Better AI Models, New AI Evals, and Scaling RL Training

New AI benchmarks arise for useful work and agentic AI: GDPval, GAIA2, SWE-Bench Pro. AI models are getting faster, cheaper, better, and more agentic, by scaling RL post-training.

Sep 30, 2025

Figure 1. AI art - stained-glass tiger. Sometimes, you have to take a step back to see the bigger picture.

Trends in the News

My most recent AI weekly news report was packed with new AI models and new AI product releases. After a lull in August, the fall AI release season is in full swing. There was so much that I had to skip noteworthy progress in evaluations and other newsworthy items.

Just looking at the dizzying number of new AI products might cause us to miss the forest for the trees. Each individual new release is an incremental improvement on what came before, but taking a higher-level view helps you make out the overall trajectory and trends in AI.
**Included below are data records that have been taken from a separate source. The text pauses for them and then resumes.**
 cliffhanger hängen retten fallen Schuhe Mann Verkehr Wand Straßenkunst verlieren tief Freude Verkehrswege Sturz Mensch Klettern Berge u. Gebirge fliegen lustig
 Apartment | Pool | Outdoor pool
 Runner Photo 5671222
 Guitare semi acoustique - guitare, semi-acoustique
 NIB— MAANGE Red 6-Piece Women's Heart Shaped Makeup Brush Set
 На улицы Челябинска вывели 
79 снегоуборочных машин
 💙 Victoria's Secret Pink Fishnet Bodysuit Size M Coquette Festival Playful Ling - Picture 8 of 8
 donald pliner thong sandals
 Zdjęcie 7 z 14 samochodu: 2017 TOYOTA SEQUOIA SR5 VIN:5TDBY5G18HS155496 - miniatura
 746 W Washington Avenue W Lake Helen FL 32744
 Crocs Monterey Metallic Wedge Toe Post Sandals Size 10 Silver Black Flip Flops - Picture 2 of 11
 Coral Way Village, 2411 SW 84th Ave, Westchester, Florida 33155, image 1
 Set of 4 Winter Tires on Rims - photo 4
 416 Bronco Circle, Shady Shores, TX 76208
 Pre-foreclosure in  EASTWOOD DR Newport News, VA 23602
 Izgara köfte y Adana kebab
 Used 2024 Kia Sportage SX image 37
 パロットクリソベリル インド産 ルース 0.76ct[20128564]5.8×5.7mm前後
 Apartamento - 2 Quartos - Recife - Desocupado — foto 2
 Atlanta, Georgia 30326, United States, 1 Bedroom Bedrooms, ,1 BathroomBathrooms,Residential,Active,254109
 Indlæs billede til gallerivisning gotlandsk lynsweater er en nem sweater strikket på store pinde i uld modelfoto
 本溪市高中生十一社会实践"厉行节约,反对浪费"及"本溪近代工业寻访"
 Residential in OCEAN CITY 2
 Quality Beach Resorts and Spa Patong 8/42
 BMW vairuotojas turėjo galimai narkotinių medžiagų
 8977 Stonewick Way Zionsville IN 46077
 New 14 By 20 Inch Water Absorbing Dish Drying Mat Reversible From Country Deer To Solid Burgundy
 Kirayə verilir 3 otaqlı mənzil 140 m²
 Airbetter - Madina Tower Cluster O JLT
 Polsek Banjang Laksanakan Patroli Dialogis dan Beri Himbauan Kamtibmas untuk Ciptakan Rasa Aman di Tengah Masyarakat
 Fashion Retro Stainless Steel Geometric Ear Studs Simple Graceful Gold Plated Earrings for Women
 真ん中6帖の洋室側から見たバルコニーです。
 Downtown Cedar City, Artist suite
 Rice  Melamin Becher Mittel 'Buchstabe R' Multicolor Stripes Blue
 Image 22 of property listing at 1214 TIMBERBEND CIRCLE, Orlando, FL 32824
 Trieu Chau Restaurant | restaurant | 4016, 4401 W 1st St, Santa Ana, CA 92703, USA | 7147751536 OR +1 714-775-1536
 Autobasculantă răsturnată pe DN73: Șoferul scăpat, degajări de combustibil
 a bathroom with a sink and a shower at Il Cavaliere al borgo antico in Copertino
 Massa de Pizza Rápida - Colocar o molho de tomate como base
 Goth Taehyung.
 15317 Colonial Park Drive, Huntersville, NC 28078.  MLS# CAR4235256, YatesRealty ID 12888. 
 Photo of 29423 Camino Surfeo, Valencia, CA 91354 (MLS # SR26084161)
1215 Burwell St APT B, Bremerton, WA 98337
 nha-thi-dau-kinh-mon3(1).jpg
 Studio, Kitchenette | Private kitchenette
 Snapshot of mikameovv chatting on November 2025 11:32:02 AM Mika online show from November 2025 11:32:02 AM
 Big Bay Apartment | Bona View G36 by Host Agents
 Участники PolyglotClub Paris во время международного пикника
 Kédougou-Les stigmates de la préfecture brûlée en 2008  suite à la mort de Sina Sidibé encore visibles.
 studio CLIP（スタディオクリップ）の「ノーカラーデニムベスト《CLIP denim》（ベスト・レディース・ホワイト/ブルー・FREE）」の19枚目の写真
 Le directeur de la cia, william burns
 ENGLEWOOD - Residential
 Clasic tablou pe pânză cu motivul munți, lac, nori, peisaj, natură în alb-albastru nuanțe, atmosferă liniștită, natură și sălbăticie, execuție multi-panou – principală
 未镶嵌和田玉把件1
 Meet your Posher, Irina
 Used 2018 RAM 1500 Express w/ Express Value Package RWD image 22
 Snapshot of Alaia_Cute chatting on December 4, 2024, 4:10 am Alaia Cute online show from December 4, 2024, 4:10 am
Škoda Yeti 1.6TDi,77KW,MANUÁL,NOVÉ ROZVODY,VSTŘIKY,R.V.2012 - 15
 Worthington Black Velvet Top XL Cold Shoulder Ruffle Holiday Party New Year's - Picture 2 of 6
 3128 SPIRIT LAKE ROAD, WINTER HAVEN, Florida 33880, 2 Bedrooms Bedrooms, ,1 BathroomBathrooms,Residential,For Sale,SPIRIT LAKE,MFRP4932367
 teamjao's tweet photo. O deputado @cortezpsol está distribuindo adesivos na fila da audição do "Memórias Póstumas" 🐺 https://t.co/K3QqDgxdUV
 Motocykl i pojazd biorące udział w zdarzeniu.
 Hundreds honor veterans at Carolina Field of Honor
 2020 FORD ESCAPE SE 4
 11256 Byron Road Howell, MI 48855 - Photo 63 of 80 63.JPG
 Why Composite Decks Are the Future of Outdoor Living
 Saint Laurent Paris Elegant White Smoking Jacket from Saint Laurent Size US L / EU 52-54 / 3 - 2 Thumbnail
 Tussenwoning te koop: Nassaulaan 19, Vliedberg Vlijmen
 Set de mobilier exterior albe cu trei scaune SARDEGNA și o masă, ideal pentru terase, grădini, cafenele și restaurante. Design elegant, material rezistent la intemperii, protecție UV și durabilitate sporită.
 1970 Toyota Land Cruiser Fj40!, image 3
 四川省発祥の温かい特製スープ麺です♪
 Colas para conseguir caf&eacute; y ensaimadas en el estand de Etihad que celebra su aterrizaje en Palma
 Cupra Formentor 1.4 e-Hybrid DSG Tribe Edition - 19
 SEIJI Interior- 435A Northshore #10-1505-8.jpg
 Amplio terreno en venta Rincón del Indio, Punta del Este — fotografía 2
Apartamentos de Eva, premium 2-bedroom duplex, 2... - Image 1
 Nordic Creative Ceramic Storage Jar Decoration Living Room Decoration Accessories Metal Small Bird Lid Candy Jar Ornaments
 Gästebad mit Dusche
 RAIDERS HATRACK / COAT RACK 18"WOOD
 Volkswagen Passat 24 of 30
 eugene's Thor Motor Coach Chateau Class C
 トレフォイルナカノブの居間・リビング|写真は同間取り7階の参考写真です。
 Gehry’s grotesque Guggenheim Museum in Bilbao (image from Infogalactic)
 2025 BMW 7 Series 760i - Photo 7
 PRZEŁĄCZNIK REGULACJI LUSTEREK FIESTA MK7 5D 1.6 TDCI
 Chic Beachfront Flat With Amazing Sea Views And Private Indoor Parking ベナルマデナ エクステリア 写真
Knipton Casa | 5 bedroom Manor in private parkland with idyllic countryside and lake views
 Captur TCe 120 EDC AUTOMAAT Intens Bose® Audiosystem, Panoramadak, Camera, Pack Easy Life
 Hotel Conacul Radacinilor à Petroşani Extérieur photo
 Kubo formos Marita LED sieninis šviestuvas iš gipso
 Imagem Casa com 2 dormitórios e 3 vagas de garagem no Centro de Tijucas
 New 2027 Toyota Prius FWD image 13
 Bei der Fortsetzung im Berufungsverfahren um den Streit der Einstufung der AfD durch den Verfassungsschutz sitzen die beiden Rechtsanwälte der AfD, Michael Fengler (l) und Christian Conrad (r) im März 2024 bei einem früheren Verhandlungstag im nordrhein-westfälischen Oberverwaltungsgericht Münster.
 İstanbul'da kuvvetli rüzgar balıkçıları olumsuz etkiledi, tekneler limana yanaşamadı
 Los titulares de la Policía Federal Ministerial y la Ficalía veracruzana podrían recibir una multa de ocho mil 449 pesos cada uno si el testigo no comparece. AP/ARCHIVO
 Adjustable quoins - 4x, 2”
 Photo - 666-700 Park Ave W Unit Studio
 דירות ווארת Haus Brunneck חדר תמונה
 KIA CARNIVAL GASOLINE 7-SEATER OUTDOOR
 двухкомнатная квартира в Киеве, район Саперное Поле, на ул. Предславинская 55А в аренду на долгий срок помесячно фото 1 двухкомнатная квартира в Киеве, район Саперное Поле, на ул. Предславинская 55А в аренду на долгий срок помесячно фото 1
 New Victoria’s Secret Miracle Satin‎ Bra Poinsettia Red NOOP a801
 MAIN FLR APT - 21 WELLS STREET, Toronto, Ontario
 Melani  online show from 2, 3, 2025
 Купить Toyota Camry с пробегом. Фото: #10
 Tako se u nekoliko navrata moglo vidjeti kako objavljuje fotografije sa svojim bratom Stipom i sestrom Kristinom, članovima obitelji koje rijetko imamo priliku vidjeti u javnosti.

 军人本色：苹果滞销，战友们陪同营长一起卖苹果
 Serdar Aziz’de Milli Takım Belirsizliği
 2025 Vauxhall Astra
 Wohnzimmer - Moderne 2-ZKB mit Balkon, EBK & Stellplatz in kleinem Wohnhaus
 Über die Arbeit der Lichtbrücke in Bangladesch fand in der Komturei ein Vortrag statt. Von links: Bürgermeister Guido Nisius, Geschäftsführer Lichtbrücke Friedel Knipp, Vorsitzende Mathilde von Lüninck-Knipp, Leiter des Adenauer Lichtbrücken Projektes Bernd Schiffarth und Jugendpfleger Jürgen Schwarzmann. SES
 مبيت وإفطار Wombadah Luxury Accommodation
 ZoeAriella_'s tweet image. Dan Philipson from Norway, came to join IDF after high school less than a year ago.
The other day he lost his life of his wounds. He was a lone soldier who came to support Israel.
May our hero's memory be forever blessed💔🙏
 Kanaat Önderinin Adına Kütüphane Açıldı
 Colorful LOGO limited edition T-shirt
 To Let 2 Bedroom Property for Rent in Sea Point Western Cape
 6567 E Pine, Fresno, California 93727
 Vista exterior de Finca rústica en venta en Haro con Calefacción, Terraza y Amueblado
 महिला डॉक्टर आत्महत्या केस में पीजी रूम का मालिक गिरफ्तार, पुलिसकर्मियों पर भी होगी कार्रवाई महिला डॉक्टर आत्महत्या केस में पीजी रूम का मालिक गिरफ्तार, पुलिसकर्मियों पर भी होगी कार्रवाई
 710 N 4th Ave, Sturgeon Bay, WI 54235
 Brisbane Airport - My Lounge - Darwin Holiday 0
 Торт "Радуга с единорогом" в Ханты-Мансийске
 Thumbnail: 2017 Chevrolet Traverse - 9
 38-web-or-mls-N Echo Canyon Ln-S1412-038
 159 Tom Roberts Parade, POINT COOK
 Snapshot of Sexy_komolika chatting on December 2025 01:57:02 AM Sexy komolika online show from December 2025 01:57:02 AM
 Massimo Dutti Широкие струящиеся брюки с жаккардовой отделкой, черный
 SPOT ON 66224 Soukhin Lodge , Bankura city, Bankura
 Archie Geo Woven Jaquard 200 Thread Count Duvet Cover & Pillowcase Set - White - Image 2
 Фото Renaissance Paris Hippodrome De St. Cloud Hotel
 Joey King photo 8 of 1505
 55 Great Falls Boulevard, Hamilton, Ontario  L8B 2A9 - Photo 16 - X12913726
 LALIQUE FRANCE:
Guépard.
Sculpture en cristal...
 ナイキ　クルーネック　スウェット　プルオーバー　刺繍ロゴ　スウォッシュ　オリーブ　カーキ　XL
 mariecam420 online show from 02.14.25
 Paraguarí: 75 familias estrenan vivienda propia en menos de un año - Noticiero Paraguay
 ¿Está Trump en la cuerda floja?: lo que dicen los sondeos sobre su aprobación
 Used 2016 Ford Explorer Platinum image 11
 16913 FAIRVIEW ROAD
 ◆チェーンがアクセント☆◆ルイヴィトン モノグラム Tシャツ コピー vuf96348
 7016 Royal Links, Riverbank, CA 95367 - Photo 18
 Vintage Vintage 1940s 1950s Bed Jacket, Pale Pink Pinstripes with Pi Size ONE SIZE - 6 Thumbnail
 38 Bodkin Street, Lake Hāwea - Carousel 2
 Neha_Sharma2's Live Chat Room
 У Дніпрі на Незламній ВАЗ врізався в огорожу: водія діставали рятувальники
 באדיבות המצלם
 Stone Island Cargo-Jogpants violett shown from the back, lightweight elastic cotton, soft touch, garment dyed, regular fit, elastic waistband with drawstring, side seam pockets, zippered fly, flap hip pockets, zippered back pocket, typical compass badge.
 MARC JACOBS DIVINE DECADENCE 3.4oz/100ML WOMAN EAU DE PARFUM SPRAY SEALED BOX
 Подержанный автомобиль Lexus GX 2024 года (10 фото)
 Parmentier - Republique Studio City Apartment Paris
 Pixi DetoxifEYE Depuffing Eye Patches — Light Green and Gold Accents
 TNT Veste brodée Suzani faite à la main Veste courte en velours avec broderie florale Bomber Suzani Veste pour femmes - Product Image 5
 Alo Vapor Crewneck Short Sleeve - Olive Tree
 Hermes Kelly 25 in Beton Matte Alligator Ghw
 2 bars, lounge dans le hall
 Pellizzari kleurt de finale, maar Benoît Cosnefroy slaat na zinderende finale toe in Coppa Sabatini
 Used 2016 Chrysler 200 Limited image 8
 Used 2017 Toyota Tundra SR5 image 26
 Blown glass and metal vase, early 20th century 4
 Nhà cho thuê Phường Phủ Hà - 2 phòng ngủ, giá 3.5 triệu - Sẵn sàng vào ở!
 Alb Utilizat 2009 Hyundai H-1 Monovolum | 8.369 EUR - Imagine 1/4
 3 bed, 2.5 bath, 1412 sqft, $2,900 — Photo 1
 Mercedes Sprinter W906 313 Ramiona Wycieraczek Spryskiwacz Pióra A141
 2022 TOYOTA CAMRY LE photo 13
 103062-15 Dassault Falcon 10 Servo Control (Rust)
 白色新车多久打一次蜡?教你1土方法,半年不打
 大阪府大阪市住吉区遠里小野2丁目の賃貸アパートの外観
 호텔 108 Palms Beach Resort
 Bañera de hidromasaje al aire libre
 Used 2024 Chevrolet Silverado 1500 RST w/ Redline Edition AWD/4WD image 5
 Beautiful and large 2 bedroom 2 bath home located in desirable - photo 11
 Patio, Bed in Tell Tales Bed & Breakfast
This article shares two key trends and meta-stories behind recent AI news:

New evaluations are replacing old, saturated benchmarks and cover what matters now: Useful work (GDPval), and Agentic AI (GIAA2, SWE-Bench Pro).
AI models are getting faster, cheaper, better, and more useful for agentic AI – all at the same time. Scaling RL post-training is paying off.

Evaluating Useful AI: GDPval

Existing AI benchmarks are getting saturated; the latest example was Qwen team claiming Qwen3-max thinking scores 100% AIME 25. Most existing benchmarks don’t capture the complexity and richness of real-world long horizon tasks that are most useful. Metrics to evaluate the latest frontier AI models are weak.

To better track AI models on real-world use cases, OpenAI introduced GDPval, a new evaluation measuring models on economically valuable tasks across 44 occupations. OpenAI sees GDPval as the next step in the progression of AI benchmarks in increasing real-world complexity. Each generation of AI benchmark - MMLU, SWE-Bench, SWE-Lancer, and now GDPval – have captured more complex and valuable tasks.

GDPval differs from other benchmarks by being more complex in the inputs, outputs and tasks. GDPval task inputs are not just text prompts but include reference files and context. GDPval evaluates work product outputs, which could be documents, slides, diagrams, spreadsheets, or multimedia. GDPval specifically measures over a thousand real-world tasks:

The GDPval full set includes 1,320 specialized tasks (220 in the gold open-sourced set), each meticulously crafted and vetted by experienced professionals with over 14 years of experience on average from these fields. Every task is based on real work products, such as a legal brief, an engineering blueprint, a customer support conversation, or a nursing care plan.

Thus, GDPval evaluates agent AI tasks that have useful relevance on diverse work contexts. They were able to test various frontier AI models, and found, interestingly enough, that Claude 4.1 Opus and not GPT-5 was the highest performing AI model on this benchmark.

A graph of blue rectangular bars

AI-generated content may be incorrect. — Figure 2. The performance of frontier AI models on economically useful tasks. Claude Opus 4.1 stands out for its ability to generate outputs near parity to human professionals.

Sharing results, OpenAI notes that “frontier models can complete GDPval tasks roughly 100x faster and 100x cheaper than industry experts,” but that metric doesn’t include the overhead of human oversight.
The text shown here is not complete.